Depuis qu’on a imaginé de colorier & vernir des lames d’argent, les Brodeurs en font des bouquets & des guirlandes, imitant en quelques sortes les pierres précieuses; ils ont même depuis peu de temps, trouvé l’art de nuer & dégrader le ton de ces lames, en les recouvrant plus ou moins avec des points de soie de nuances assorties. Voyez fig. 11, [Pl. 5].
En 1756, on a imaginé des paillettes d’acier noir-d’eau, & des paillettes de verre noir, pour les Broderies de deuil; il ne se passe guere d’années qu’on n’invente quelques petites nouveautés que la mode adopte & réforme tour-à-tour.
On appelle paillettes percées, celles qui le sont de plusieurs trous; on en varie les formes à l’infini. Celles qui sont le plus en usage, sont dessinées [Pl. 5], fig. 8, f, g, h, i, l, m, n, o, p, q, r, & l’on en trouve de toutes prêtes chez plusieurs Tireurs d’or. Celles de la figure 9, & autres à volonté, doivent être découpées suivant le dessin qu’on en fournit. On voit fig. 8, bis, & fig. 9, bis, la maniere de les attacher avec la frisure ou le bouillon.
De la Broderie en Taillure.
Nous avons dit dans l’Introduction que la Broderie en taillure étoit la premiere & la plus ancienne des Broderies: en voici les procédés.

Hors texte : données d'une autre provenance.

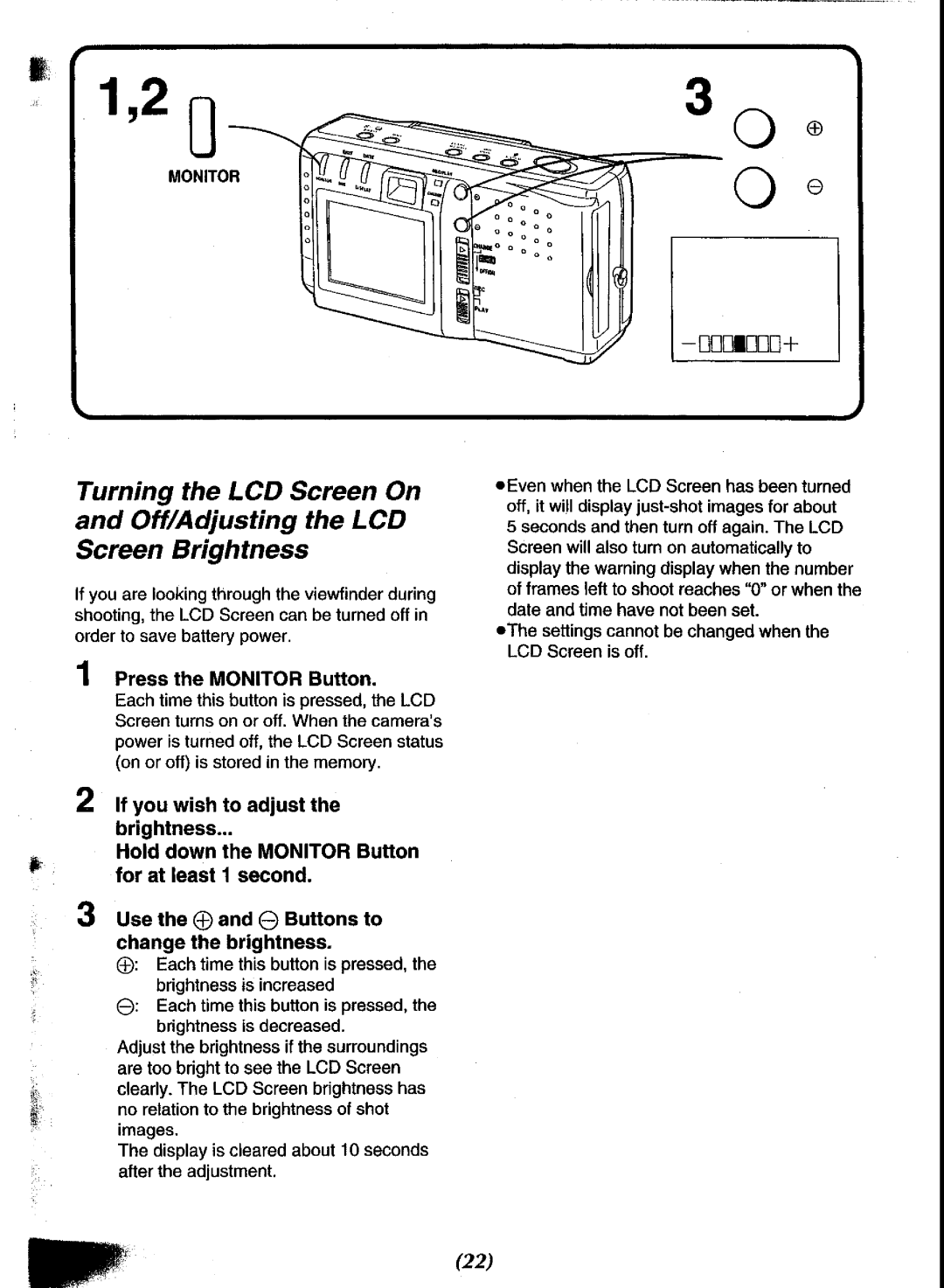 Panasonic NV-DCF3 Series manual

Soit qu’on la fasse en étoffe d’or, de soie ou de laine, on ponce d’abord sans ordre & le plus rapproché qu’il est possible (sur l’étoffe qu’on veut découper), les fleurs ou compartiments dont on a besoin, comme fig. 11, [Pl. 5]; on les dessine avec toutes leurs nervures; on découpe ensuite toutes ces pieces avec des ciseaux, en les laissant de trois ou quatre lignes plus longues aux endroits qui doivent être recouverts par d’autres. On les numérote par l’envers de numéros pareils à ceux qui doivent être sur chaque partie du poncif, & qui serviront à les reconnoître quand elles seront découpées & qu’on voudra les mettre en place. Cette premiere opération s’appelle faire l’épargne. Si l’étoffe à tailler est trop mince, on lui donne de la consistance en collant du papier à l’envers avant de la dessiner; cela empêche les pieces découpées de s’effiler.

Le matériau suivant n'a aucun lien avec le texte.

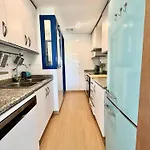 아파트 Patacona Blue, Frente A La Playa 발렌시아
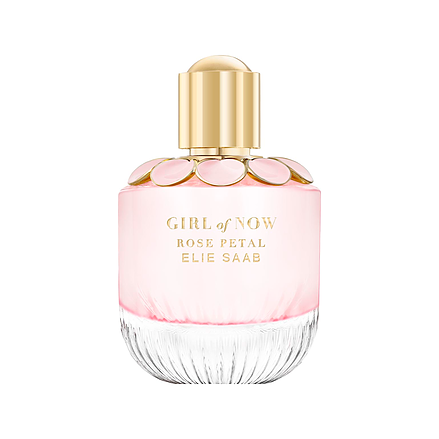 Elie Saab Girl of Now Rose Petal Eau de Parfum 90 ml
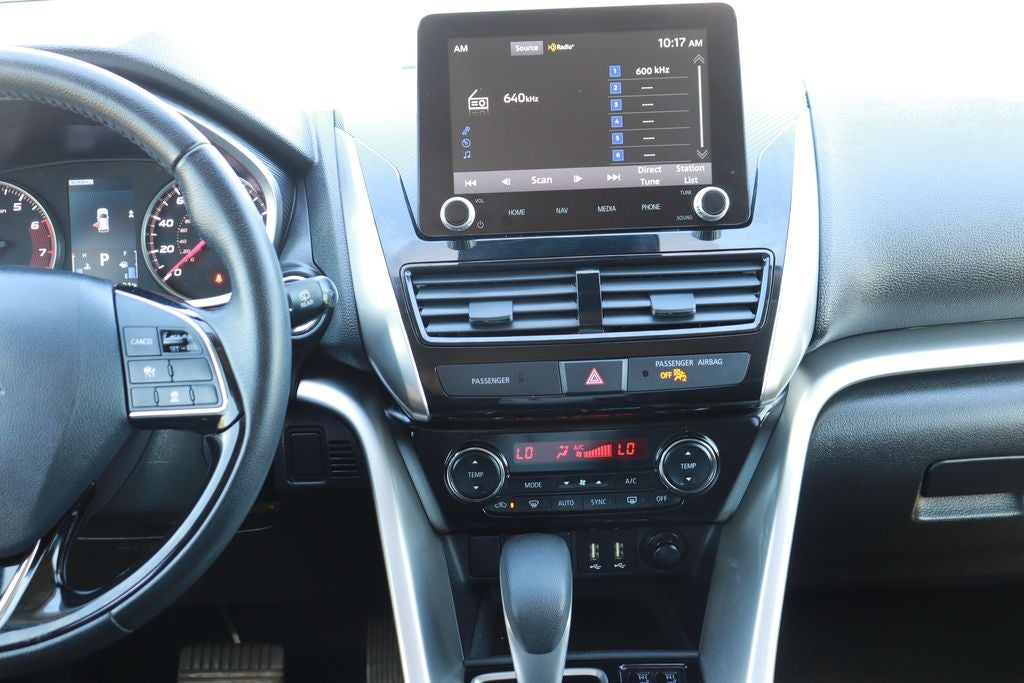 2024 Mitsubishi Eclipse Cross SE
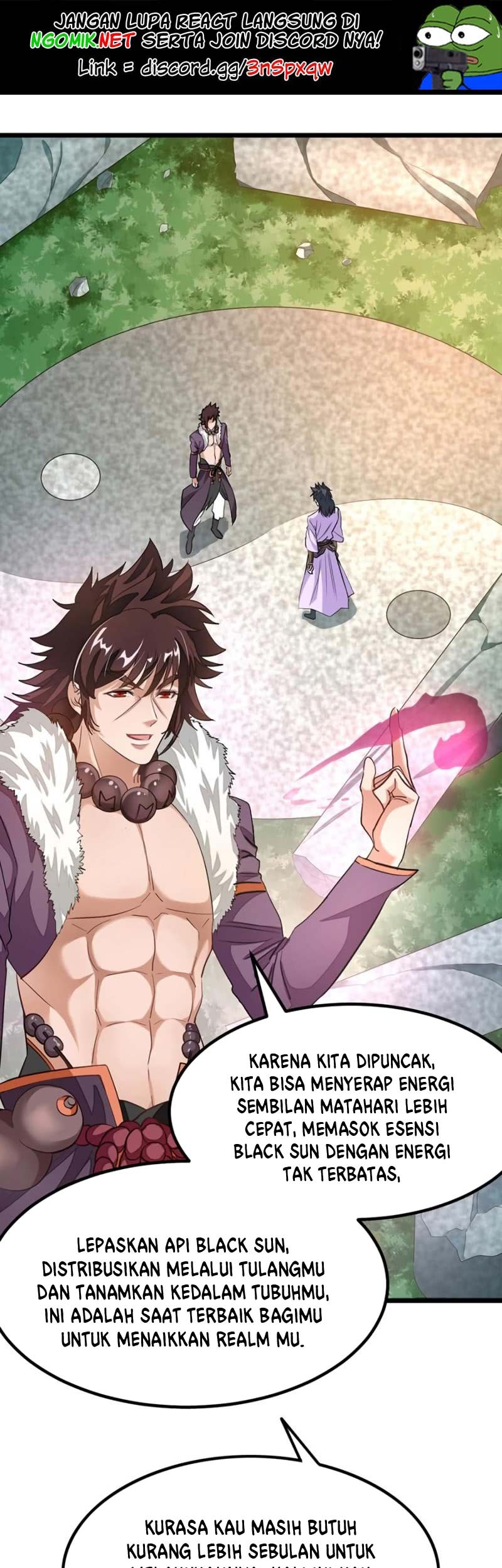 Jiuyang Shenwang chapter 84 halaman 2
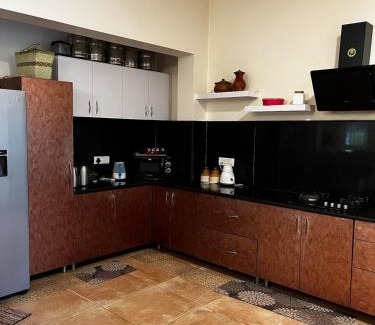 Chikkaballapur Villa | Aeon Root Bridges by Tripture - Villa at Nandi Hills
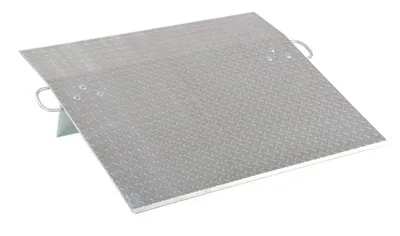 Vestil E-3636 Aluminum Economizer Dock Plate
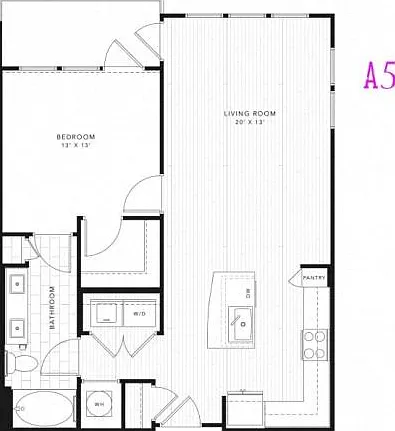 Station R Apartments — Photo 38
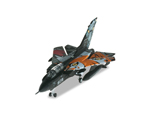 Luftwaffe AG-51 Panavia Tornado Tiger Meet 2011 1:200 herpa HE555746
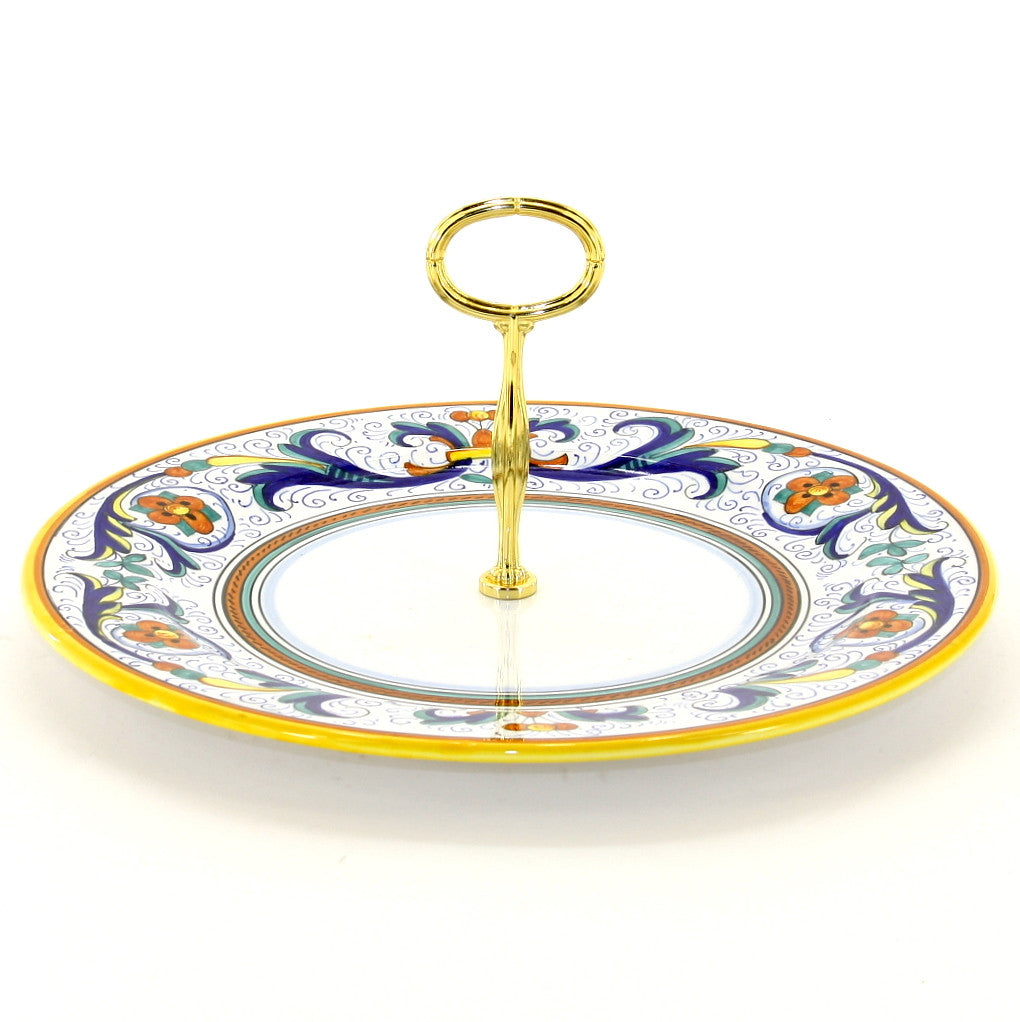 RICCO DERUTA: Tid Bit Charger - Artistica.com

Si l’étoffe qu’on veut découper est précieuse, ou qu’on ait beaucoup de morceaux pareils, voici une autre maniere de préparer l’épargne. On pique deux papiers ensemble du dessin qu’on veut exécuter; on découpe un de ces dessins en autant de petites parties que le dessin le permet; on réunit toutes ces parties sans ordre & le plus rapprochées qu’il est possible, sur un papier blanc de la largeur de l’étoffe à découper: on trace tous ces contours en crayon bien exactement; on les pique, & l’épargne est faite.
On ponce ensuite le dessin général sur l’étoffe qu’on veut broder; on dessine légérement & un peu en dedans, les principaux contours; on dessine encore les queues, graines, &c, qui ne sont point de taillure, comme K, K, fig. 12; puis on enduit de colle ou d’empois l’envers de chaque morceau de taillure, surtout les bords; on place chaque morceau sur les contours tracés sur l’étoffe suivant les numéros du poncif; on l’étale & on l’appuie bien proprement au travers d’un papier bien sec, ayant attention que les emmanchements des compartiments interrompus r, r, r, r, se suivent bien, & ne paroissent point cassés.

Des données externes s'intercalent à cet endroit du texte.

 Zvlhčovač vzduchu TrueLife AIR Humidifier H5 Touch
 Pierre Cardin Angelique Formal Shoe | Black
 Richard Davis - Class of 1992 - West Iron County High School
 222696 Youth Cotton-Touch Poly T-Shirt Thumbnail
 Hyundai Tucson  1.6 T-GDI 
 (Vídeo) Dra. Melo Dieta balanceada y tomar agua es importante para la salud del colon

Quand tout est bien sec, les Ouvriers profilent tous les contours extérieurs, en mordant un peu les points dans la taillure; puis ils liserent tous les contours, nervures, revers, &c, avec du cordon ou de la milanese, comme l, l; quelquefois on exprime les ombres par de longs points de soie ou de laine, comme m, m, ce qui s’appelle harpé ou hachebaché. Quelquefois on enleve le dessous des feuilles ou compartiments, avec des morceaux de drap ou de serge, ce qui s’appelle emboutir. Les caparaçons, tapis d’étalage, couvertures de chariots, se font ordinairement en laine, de ce genre de Broderie. Les figures de bannieres pour la campagne, se font en satin, & pour les carrosses & meubles riches, la taillure se fait de glacé ou de tissu d’or: on y mêle quelquefois des feuilles ou des moulures de guipure ou de satiné, & de petits enjolivements en paillettes.
Il se fait aussi de la taillure en peaux d’agneau d’Astracan, ou hermines teintes, puis rebordées & ornées de chenille ou de paillettes: cette invention n’est pas ancienne, & peut encore se perfectionner.